» Problem description:
Each line below is to be set down again exactly.

START Provided entries

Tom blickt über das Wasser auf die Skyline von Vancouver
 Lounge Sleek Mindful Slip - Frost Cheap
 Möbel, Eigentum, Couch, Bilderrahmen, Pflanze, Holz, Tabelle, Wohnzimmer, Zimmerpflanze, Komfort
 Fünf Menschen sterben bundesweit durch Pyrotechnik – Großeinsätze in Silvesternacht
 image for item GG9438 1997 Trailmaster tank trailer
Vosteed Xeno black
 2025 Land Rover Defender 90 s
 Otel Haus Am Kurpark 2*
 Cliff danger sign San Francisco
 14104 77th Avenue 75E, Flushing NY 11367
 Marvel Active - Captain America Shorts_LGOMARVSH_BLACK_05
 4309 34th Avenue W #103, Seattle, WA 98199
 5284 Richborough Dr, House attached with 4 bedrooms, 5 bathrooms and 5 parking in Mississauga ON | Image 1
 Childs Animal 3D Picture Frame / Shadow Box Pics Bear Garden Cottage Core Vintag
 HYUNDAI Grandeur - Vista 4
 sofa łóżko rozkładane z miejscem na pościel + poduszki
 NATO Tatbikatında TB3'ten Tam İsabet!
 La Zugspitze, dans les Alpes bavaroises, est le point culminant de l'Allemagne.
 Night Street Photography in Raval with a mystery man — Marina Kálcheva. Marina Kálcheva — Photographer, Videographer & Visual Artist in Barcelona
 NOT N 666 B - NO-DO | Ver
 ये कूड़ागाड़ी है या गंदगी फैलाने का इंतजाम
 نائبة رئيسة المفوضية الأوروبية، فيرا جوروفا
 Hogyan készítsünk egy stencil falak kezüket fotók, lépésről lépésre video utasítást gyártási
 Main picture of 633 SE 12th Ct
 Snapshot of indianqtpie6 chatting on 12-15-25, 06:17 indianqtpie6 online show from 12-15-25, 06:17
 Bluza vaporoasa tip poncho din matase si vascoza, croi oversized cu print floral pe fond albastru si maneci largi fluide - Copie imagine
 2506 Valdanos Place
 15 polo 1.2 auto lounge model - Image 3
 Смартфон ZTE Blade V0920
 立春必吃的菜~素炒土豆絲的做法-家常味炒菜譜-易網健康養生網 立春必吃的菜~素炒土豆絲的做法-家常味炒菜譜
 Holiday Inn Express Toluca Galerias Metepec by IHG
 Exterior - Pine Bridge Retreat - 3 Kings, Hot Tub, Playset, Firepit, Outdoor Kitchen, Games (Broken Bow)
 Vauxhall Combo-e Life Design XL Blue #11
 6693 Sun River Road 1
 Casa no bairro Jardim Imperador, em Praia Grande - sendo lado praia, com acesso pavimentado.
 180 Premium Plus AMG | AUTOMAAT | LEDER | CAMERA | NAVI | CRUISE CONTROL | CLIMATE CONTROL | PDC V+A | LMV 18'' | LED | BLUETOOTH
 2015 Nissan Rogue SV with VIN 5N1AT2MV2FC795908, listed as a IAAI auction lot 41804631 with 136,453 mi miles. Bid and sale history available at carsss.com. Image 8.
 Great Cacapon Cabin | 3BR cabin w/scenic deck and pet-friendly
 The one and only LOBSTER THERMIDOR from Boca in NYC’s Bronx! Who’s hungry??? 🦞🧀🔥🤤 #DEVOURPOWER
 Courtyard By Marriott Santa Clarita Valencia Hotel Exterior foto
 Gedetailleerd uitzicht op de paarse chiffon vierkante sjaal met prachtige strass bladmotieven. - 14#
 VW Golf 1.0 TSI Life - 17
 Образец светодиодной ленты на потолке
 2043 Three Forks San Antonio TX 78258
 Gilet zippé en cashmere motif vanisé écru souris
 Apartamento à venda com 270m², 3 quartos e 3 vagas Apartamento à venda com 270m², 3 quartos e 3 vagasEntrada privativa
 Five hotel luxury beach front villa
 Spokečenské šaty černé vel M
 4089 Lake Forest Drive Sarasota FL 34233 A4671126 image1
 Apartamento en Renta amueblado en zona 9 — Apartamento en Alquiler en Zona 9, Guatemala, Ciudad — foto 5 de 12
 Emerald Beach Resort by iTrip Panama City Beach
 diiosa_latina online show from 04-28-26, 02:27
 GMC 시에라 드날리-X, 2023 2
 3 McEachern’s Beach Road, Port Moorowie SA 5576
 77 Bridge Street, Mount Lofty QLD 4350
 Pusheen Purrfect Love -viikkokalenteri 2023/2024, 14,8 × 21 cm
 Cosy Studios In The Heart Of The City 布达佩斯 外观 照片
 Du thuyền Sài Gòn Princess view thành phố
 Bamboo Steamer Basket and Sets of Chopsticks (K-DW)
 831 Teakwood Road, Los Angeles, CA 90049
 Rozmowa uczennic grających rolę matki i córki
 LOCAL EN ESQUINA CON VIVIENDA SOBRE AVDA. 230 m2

END Provided entries

» Output for this task:
Tom blickt über das Wasser auf die Skyline von Vancouver
 Lounge Sleek Mindful Slip - Frost Cheap
 Möbel, Eigentum, Couch, Bilderrahmen, Pflanze, Holz, Tabelle, Wohnzimmer, Zimmerpflanze, Komfort
 Fünf Menschen sterben bundesweit durch Pyrotechnik – Großeinsätze in Silvesternacht
 image for item GG9438 1997 Trailmaster tank trailer
Vosteed Xeno black
 2025 Land Rover Defender 90 s
 Otel Haus Am Kurpark 2*
 Cliff danger sign San Francisco
 14104 77th Avenue 75E, Flushing NY 11367
 Marvel Active - Captain America Shorts_LGOMARVSH_BLACK_05
 4309 34th Avenue W #103, Seattle, WA 98199
 5284 Richborough Dr, House attached with 4 bedrooms, 5 bathrooms and 5 parking in Mississauga ON | Image 1
 Childs Animal 3D Picture Frame / Shadow Box Pics Bear Garden Cottage Core Vintag
 HYUNDAI Grandeur - Vista 4
 sofa łóżko rozkładane z miejscem na pościel + poduszki
 NATO Tatbikatında TB3'ten Tam İsabet!
 La Zugspitze, dans les Alpes bavaroises, est le point culminant de l'Allemagne.
 Night Street Photography in Raval with a mystery man — Marina Kálcheva. Marina Kálcheva — Photographer, Videographer & Visual Artist in Barcelona
 NOT N 666 B - NO-DO | Ver
 ये कूड़ागाड़ी है या गंदगी फैलाने का इंतजाम
 نائبة رئيسة المفوضية الأوروبية، فيرا جوروفا
 Hogyan készítsünk egy stencil falak kezüket fotók, lépésről lépésre video utasítást gyártási
 Main picture of 633 SE 12th Ct
 Snapshot of indianqtpie6 chatting on 12-15-25, 06:17 indianqtpie6 online show from 12-15-25, 06:17
 Bluza vaporoasa tip poncho din matase si vascoza, croi oversized cu print floral pe fond albastru si maneci largi fluide - Copie imagine
 2506 Valdanos Place
 15 polo 1.2 auto lounge model - Image 3
 Смартфон ZTE Blade V0920
 立春必吃的菜~素炒土豆絲的做法-家常味炒菜譜-易網健康養生網 立春必吃的菜~素炒土豆絲的做法-家常味炒菜譜
 Holiday Inn Express Toluca Galerias Metepec by IHG
 Exterior - Pine Bridge Retreat - 3 Kings, Hot Tub, Playset, Firepit, Outdoor Kitchen, Games (Broken Bow)
 Vauxhall Combo-e Life Design XL Blue #11
 6693 Sun River Road 1
 Casa no bairro Jardim Imperador, em Praia Grande - sendo lado praia, com acesso pavimentado.
 180 Premium Plus AMG | AUTOMAAT | LEDER | CAMERA | NAVI | CRUISE CONTROL | CLIMATE CONTROL | PDC V+A | LMV 18'' | LED | BLUETOOTH
 2015 Nissan Rogue SV with VIN 5N1AT2MV2FC795908, listed as a IAAI auction lot 41804631 with 136,453 mi miles. Bid and sale history available at carsss.com. Image 8.
 Great Cacapon Cabin | 3BR cabin w/scenic deck and pet-friendly
 The one and only LOBSTER THERMIDOR from Boca in NYC’s Bronx! Who’s hungry??? 🦞🧀🔥🤤 #DEVOURPOWER
 Courtyard By Marriott Santa Clarita Valencia Hotel Exterior foto
 Gedetailleerd uitzicht op de paarse chiffon vierkante sjaal met prachtige strass bladmotieven. - 14#
 VW Golf 1.0 TSI Life - 17
 Образец светодиодной ленты на потолке
 2043 Three Forks San Antonio TX 78258
 Gilet zippé en cashmere motif vanisé écru souris
 Apartamento à venda com 270m², 3 quartos e 3 vagas Apartamento à venda com 270m², 3 quartos e 3 vagasEntrada privativa
 Five hotel luxury beach front villa
 Spokečenské šaty černé vel M
 4089 Lake Forest Drive Sarasota FL 34233 A4671126 image1
 Apartamento en Renta amueblado en zona 9 — Apartamento en Alquiler en Zona 9, Guatemala, Ciudad — foto 5 de 12
 Emerald Beach Resort by iTrip Panama City Beach
 diiosa_latina online show from 04-28-26, 02:27
 GMC 시에라 드날리-X, 2023 2
 3 McEachern’s Beach Road, Port Moorowie SA 5576
 77 Bridge Street, Mount Lofty QLD 4350
 Pusheen Purrfect Love -viikkokalenteri 2023/2024, 14,8 × 21 cm
 Cosy Studios In The Heart Of The City 布达佩斯 外观 照片
 Du thuyền Sài Gòn Princess view thành phố
 Bamboo Steamer Basket and Sets of Chopsticks (K-DW)
 831 Teakwood Road, Los Angeles, CA 90049
 Rozmowa uczennic grających rolę matki i córki
 LOCAL EN ESQUINA CON VIVIENDA SOBRE AVDA. 230 m2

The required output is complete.